By inspecting both diagrams together, it will be seen that the motor 32 is normally switched off when the evaporator temperature reaches the value t1, corresponding to the switching position s1. The motor 32 is normally switched on at the evaporator temperature t2, corresponding to the switching position s2. If, however, switching-on of the motor 32 is prevented by opening the interrupter switching element 31, the evaporator temperature rises to the value t3, corresponding to the switching position s3.

During normal operation, a pulse is always fed to the pulse input 35 of the electronic counter when the switch 27 is opened. On reaching a predetermined count, which may be adjustable, a signal appears at the output 37 with the aid of which the interrupter switching element 31 moves to the blocked condition. The heating resistor 33 is thereby supplied with voltage and the motor 32 cannot start even if with the now rising evaporator temperature the switch 27 is closed in the switching position s2. Only when the defrosting temperature t3 has been reached and the switch 29 closes will the counter 34 be returned to zero, whereby the signal disappears at the outlet 37 and the interrupter switching element 31 returns to the conductive condition. The motor 32 now again starts to run and the refrigerator operates normally, the evaporator temperature changing nearly between the values t1 and t2.

The mechanical construction resulting in the jump C permits one to select the defrosting temperature t3 to have a comparatively large spacing from the evaporator temperatures t1 and t2. However, it is also possible to make do with a single spring and to choose all three operating points on its characteristic curve.

By turning the setting device 15, one can set the evaporator temperatures t1 and t2. The adjusting device 12 permits initial adjustment. By resetting the abutment 22, one can displace the jump C along the abscissa, for example if the switching position s2 is to be displaced to the right. The defrosting temperature can be set with the aid of the adjusting device 19.

Claims

1. Refrigeration apparatus comprising, a compressor motor, an evaporator temperature monitoring sensor, defrosting heating means, actuator means responsive to the temperature of said sensor having first and second displacement ranges with first and second limiting positions corresponding to predetermined lower and upper temperatures, first and second switch means sequentially operated by said actuator means at said lower and upper temperatures, said first switch means being in series with said motor and being cyclically operable within said first displacement range, said second switch means operated by said actuator means at said upper limiting position, counter means having a counting input connected to said first switch means and a reset input connected to said second switch means, interrupter switch means in series with said first switch means and said motor, said counter means being operable to open said interrupter switch means to stop said motor and activate said defrosting heating means after the occurrence of a predetermined count on said counting input, and said counter means being resettable upon said reset input thereof being activated by said second switch means to close said interrupter switch means to start said motor and deactivate said defrosting heating means.

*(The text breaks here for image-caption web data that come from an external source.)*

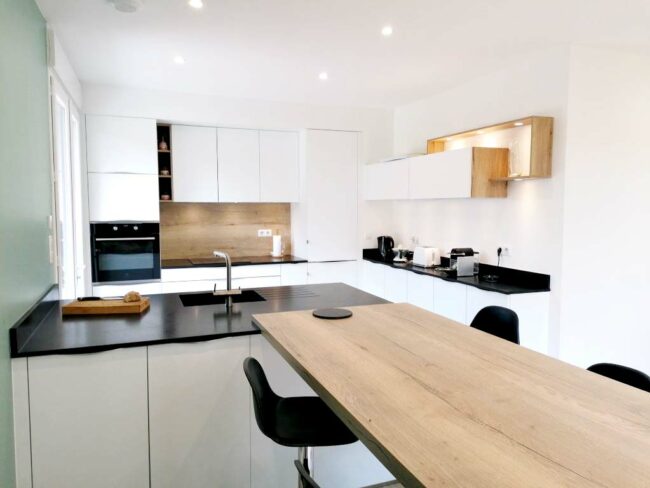 TCT conception et réalisation de cuisines sur-mesure ilot central plan de travail Boulazac Dordogne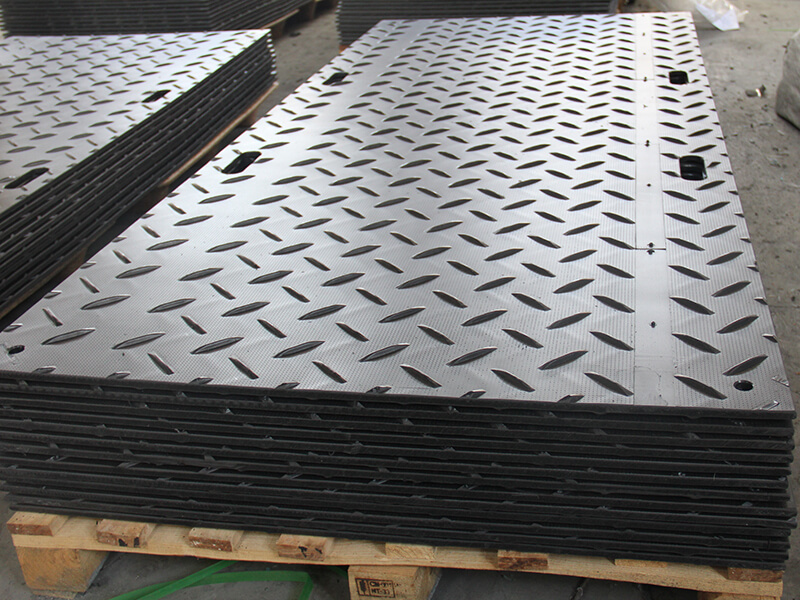 ground protection mat in black color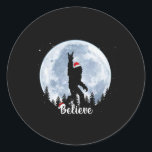 Sticker Rond Père Noël Bigfoot Christmas Rock Roll Sasquatch Be<br><div class="desc">Père Noël Bigfoot Christmas Rock Roll Sasquatch Croire Noël</div>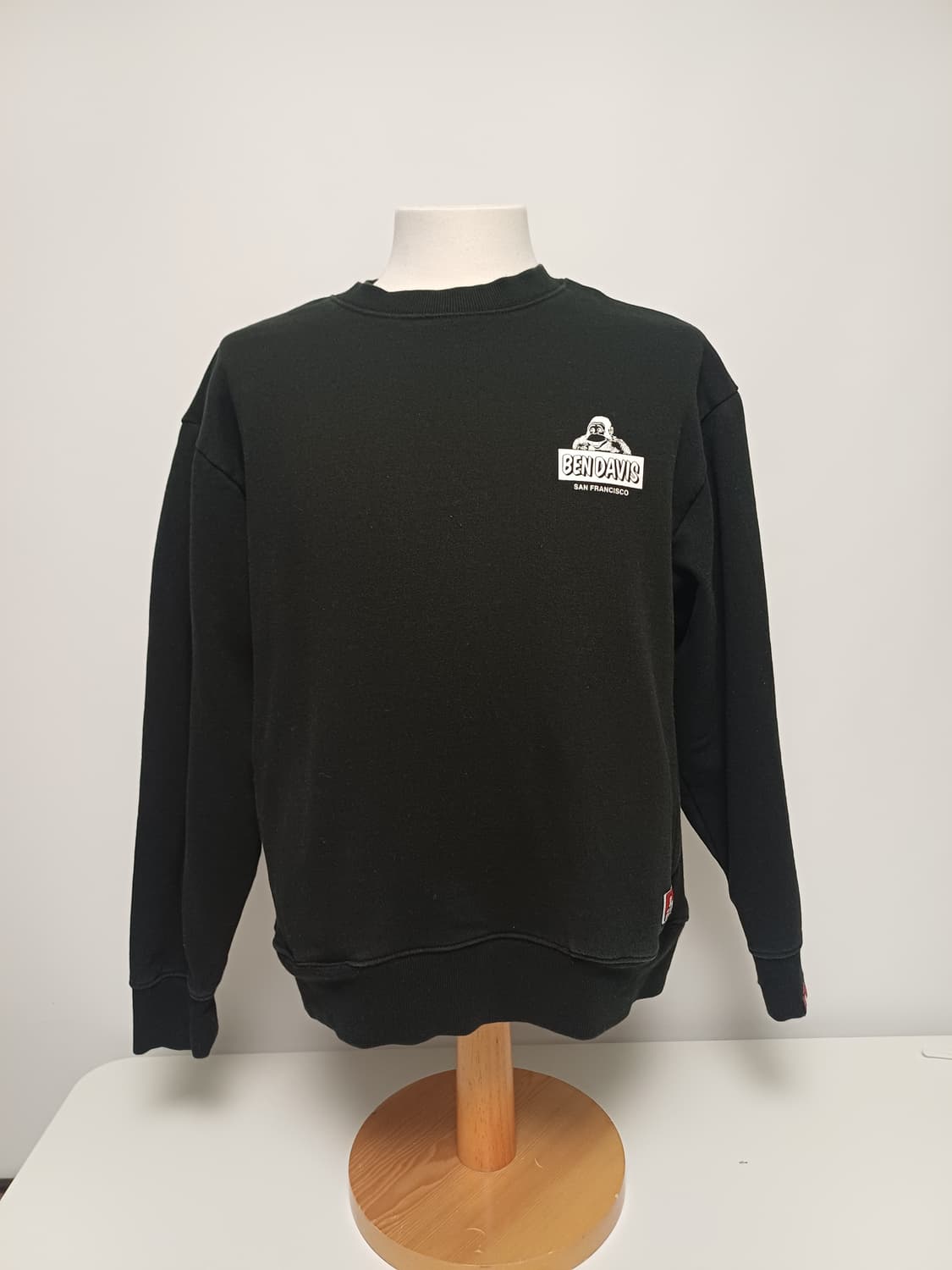 [M] 벤데이비스 재팬라인 로고 맨투맨 (박시 크롭핏) 상품이미지1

2. Refrigeration apparatus according to claim 1 including resilient means for controlling the displacement of said switch actuator means comprising first and second springs and coupling means connecting said springs, said first spring being connected to first fixed abutment means and said second spring being connected to said switch actuator means, said first spring being arranged to be more yieldable than said second spring to be effective for controlling said switch actuator first displacement range, a second fixed abutment engageable with said coupling means to provide a fixed limit for said switch actuator means first displacement range and to allow said second spring to be effective for controlling said switch means second displacement range.